EXERCISE PROMPT:
Copy word for word the lines in the records below, starting at the line with "Jogadores do Arema" and ending at the line with "56 Capwell Road, Turners Cross, T12R6C7". Skip the pictures.

MATERIAL SUPPLIED:
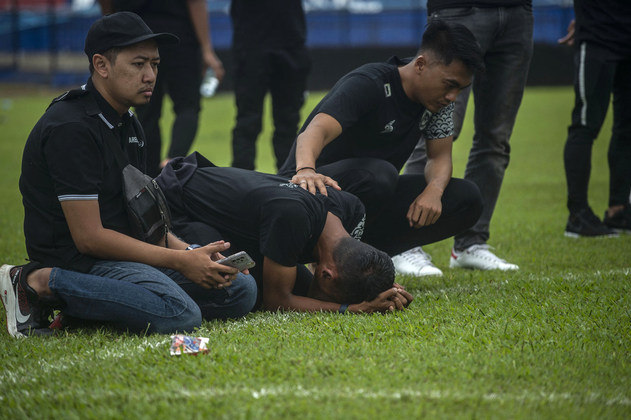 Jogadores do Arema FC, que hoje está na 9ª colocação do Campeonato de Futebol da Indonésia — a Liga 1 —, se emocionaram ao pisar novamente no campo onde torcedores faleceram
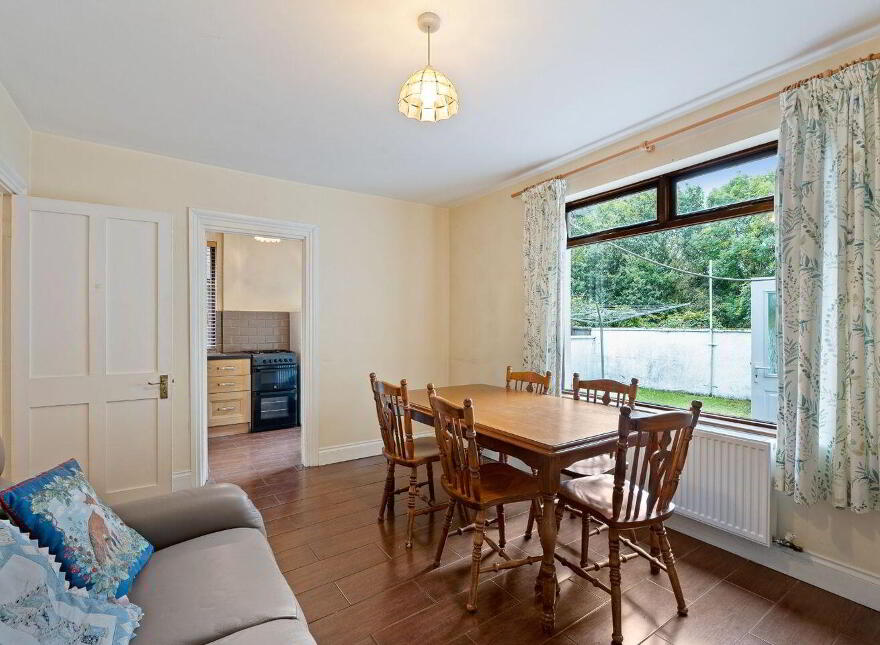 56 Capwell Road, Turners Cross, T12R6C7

--

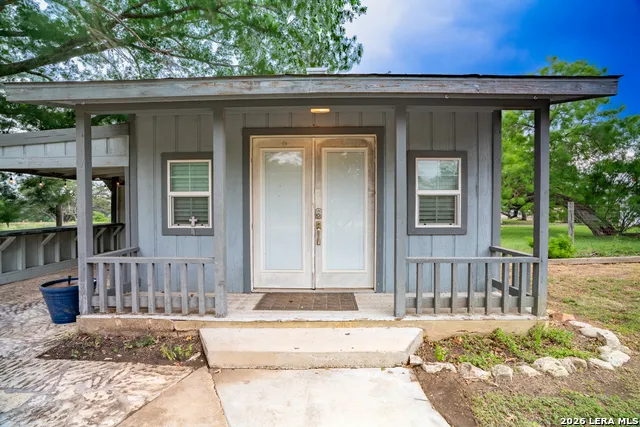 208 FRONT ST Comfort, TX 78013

YOUR RESPONSE:
 Jogadores do Arema FC, que hoje está na 9ª colocação do Campeonato de Futebol da Indonésia — a Liga 1 —, se emocionaram ao pisar novamente no campo onde torcedores faleceram
 56 Capwell Road, Turners Cross, T12R6C7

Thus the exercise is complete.